■ DATA SECTION
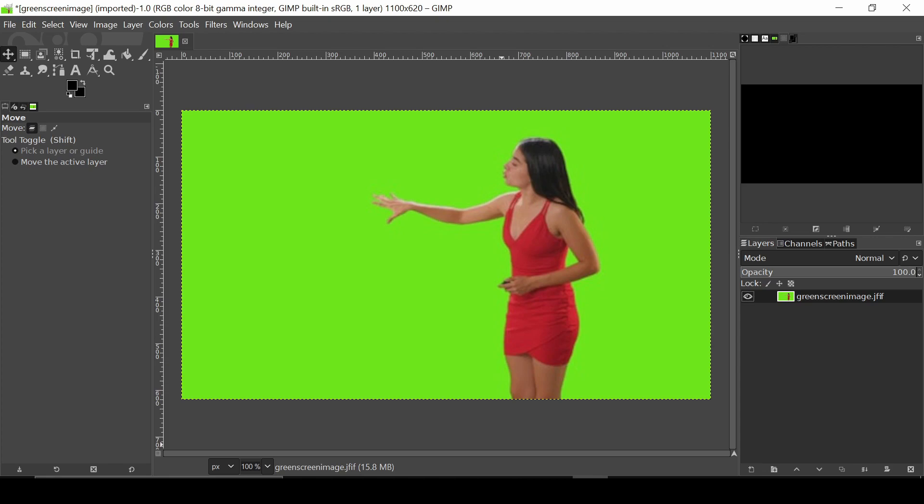Hello and welcome to an episode on quick tech tips. Today we're going to see how to remove the green screen background from an image using GIMP.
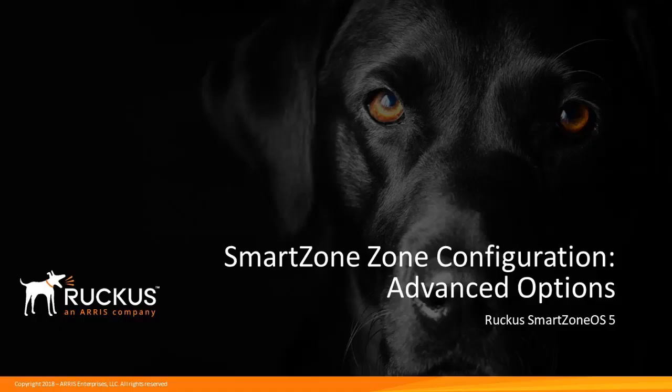Welcome to the Ruckus Associate SmartZone Administrator demonstration series for the SmartZone OS 5 release. In this series of demonstrations we'll show you the functionality of SmartZone OS 5 along with the basic configuration of many aspects of the controller.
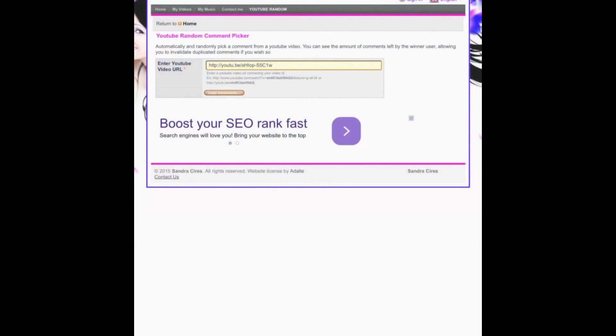What is up guys, this is Dave back here. Yesterday I chose the winner for the iOS account and today I'm going to be choosing the winner for the epic Android account giveaway.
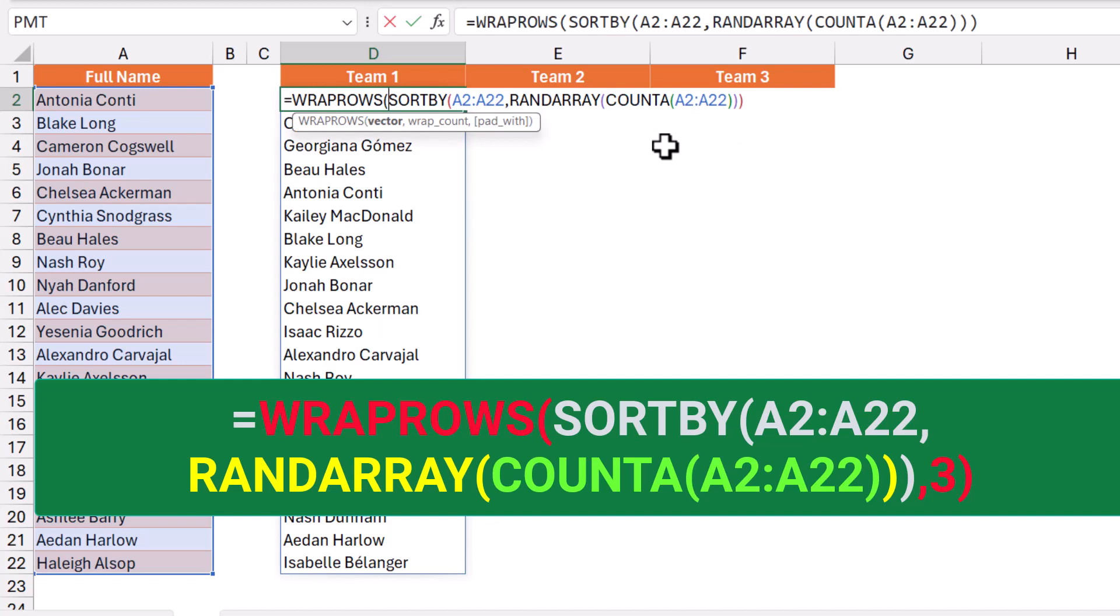All the bunch of functions: SORTBY, RANDARRAY, and COUNTA. I type a comma. How many columns do you want? That's the wrap count. I want three columns, so I type three, and I close the bracket.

■ EXERCISE PROMPT
Each line from the first line of the data above through the one containing "Welcome to the" must be set down exactly; the pictures must not be.

■ OUTPUT FOR THIS EXERCISE
Hello and welcome to an episode on quick tech tips. Today we're going to see how to remove the green screen background from an image using GIMP.
Welcome to the Ruckus Associate SmartZone Administrator demonstration series for the SmartZone OS 5 release. In this series of demonstrations we'll show you the functionality of SmartZone OS 5 along with the basic configuration of many aspects of the controller.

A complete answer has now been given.